Heo. Y. et al. [29] have proposed bloom filter based error correction for Next Generation Sequencing (NGS) data. With tremendous increase in the size of data, the NGS data contains far more errors compared to traditional sequencing methods. The traditional algorithms are not memory efficient. Therefore, the authors proposed an algorithm based on bloom filters to reduce the memory overhead and produce much more accurate results. Bloom filters are widely used for pattern matching; however, there are many applications where bloom filters are not suitable, e.g., deleting one attribute based on the other. Jiangbo Qian et al. [30] proposed bloom filter based associative deletion algorithms.

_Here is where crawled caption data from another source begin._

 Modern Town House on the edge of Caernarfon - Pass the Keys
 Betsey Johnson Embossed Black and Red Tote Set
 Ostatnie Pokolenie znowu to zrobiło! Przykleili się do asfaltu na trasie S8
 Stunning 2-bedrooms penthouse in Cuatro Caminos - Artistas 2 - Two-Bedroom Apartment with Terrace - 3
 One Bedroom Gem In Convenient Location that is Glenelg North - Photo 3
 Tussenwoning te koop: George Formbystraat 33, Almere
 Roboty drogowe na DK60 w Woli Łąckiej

Reem Khairy et al. [31] presented the accelerated bloom filter approach using high level synthesis. The authors presented the portable solution that can be incorporated in many applications to take benefit of bloom filter performance. In bioinformatics, most of the algorithms proposed using bloom filter belong to the category of classification. The BF can easily determine if a sequence belongs to the text being searched or not but it cannot accurately determine the exact location of the pattern and the number of times the pattern is repeated in the sequence. These are important factors to be determined if the exact disease or intensity of the disease is to be identified as discussed in the previous section. The next section covers the proposed approach which is based on Multiple Bloom Filters to identify the location of pattern in a given sequence.

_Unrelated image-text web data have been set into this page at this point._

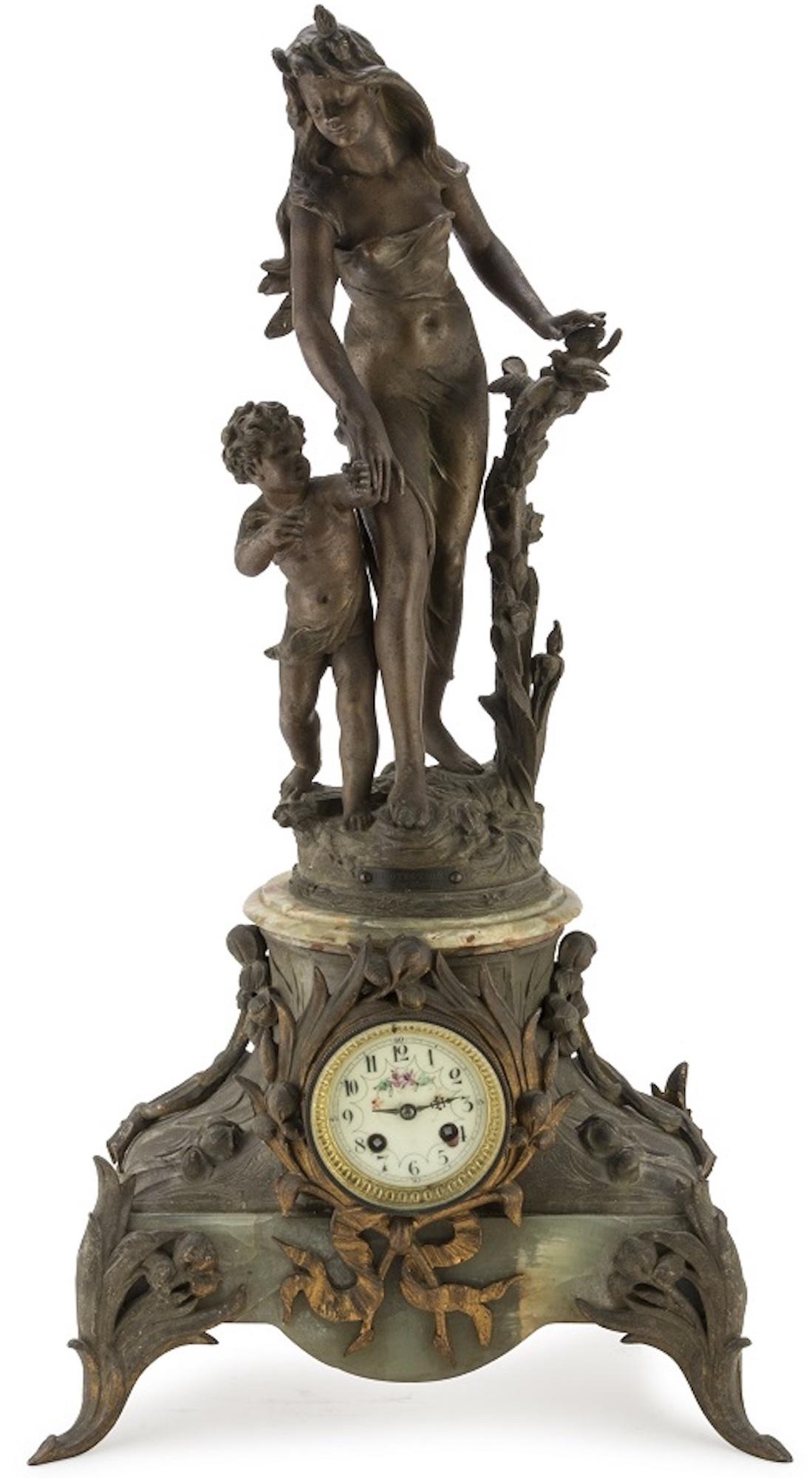 Ancient Onyx and Antimony Clock, France, Late 19th Century In Good Condition For Sale In Roma, IT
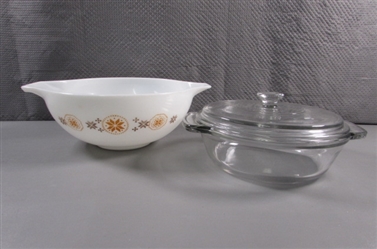 LARGE PYREX "TOWN & COUNTRY" CINDERELLA BOWL & CLEAR CASSEROLE W/LID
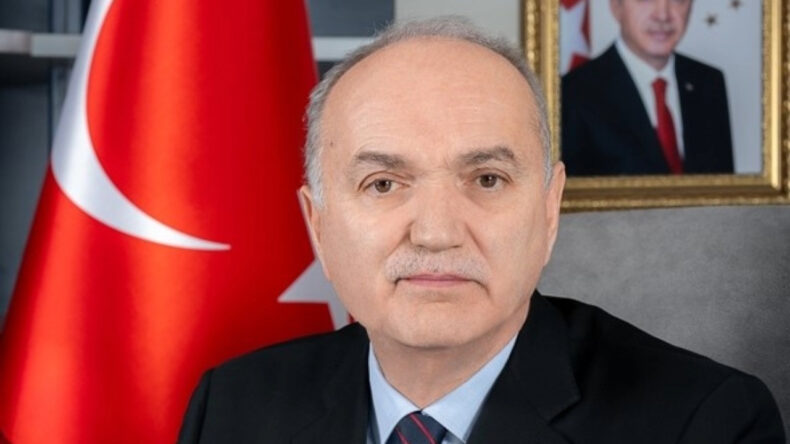 D&uuml;zce Belediye Başkanı &Ouml;zl&uuml;'den 'bağış' iddialarına yanıt: Gizli para istemem, davet ederim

Similarly, an efficient storing collection of large populations of genomes and timely searching of data is a challenging problem. Techniques exist to reduce the space requirement such as reference-based compression. However, such storing techniques adversely impact the search techniques. Therefore, Sebastian et al. proposed a framework based on Multi-Reference Compressed Search Indexes (MRCSI) [32]. The proposed MRCSI has achieved increased compression rates and support string searching. In genomes, aligning sequencing reads is one of the key operations performed against a large collection of genome data. The aligning process required a significant amount of memory. In [33] Danek et al. proposed a Multiple Genome Index (MuGI) to find the occurrences in a large collection of genomes. The MuGI used small size customizable indexes and easily runs on commodity systems with 8 GB RAM.

The next section covers the multiple bloom filter based proposed approach for storing chromosome data and searching patterns.

3. Multiple Bloom Filters (MBFs) Based Proposed Approach

This section presents the proposed method of storing chromosome data and searching patterns in the data as shown in Figure 1. First, we describe the method of using MBFs or an array of BFs to store chromosome data in the compressed format. Subsequently, we describe the procedure to search patterns in the DNA sequences that are stored in MBFs without decompressing them.

3.1. Compression

This phase comprises of three important steps:(1)Formation of k-mers of the given chromosome(2)Storing locations of each unique k-mer in the Key-Value (KV) store on disk(3)Storing location data for each unique k-mer of chromosome in a separate BF

The first step is critical to determine the length (k) of DNA words where a DNA word is simply a sequence of characters (A,C,G,T) of length k. If the length of DNA word “k” is chosen as 4, 5, or 6, the associated words of a given DNA sequence is referred to as 4-mers, 5-mers, and 6-mers, respectively. If the length of the sequence (N) is segmented into words is already known, then the number of total words formed can easily be determined based on the selected k-mer size (k), for example,given sequence: ACGTTCCACGTTCA,total characters: N=14,k-mer size k=5,total no. of words= N-k+1 =14-5+1= 10.

Figure 2 shows the formation of words for the above sequence. As we increase k-mer size, the number of unique k-mers increases by the factor 4k. When k is increased, the number of unique k-mers or words increases; on the other hand k-mer occurrences in the sequence reduce. We carried an experiment for different chromosomes; Figure 3 shows this trend particularly for chromosome 1 (Chr 1). Instead of displaying each k-mer with characters (e.g., AAAA, AAAC, and AAAG for k=4) on x-axis, we have just shown their numbers like k-mer 1, k-mer 2, and k-mer 3. The y-axis shows the number of occurrences of each particular k-mer in the sequence. It is an important observation that increasing k-mer size increases number of unique k-mers whereas the frequency of occurrence of the k-mers gets reduced in the sequence as length of the DNA words is increased. Thus, k-mer size is a critical parameter and has different impact on the size of KV store and MBF. This is further discussed in the experimental results section.

Next, a Key-Value (KV) storage is required to store all the locations of each unique k-mer in the given chromosome. Here, Key is the k-mer (or DNA word), e.g., ACGTT, and Value is the sequence of locations where that specific k-mer is located in the chromosome. Table 2 shows how location data is saved in KV store corresponding to each unique k-mer and it resides on the disk. The left side of the table maintains k-mers and right side stores the indexes or locations of each corresponding k-mer in the sequence that needs to be compressed. This step is performed only once and in offline mode before pattern matching process starts. It has special significance in this proposed solution as it is used to answer a single query per pattern. This is further discussed in the pattern matching section.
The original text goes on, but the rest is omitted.